Available data
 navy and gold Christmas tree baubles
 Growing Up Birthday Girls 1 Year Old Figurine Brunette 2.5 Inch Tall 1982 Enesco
==
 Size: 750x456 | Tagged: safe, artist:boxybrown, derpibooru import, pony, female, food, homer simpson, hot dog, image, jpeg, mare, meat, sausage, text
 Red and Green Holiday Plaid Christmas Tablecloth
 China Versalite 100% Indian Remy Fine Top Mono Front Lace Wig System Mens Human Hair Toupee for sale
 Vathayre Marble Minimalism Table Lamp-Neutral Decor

What you will do
All lines in the data above from the one with "China Versalite 100%" through the one with "Vathayre Marble Minimalism" must be repeated exactly, and no others.

Exercise answer
 China Versalite 100% Indian Remy Fine Top Mono Front Lace Wig System Mens Human Hair Toupee for sale
 Vathayre Marble Minimalism Table Lamp-Neutral Decor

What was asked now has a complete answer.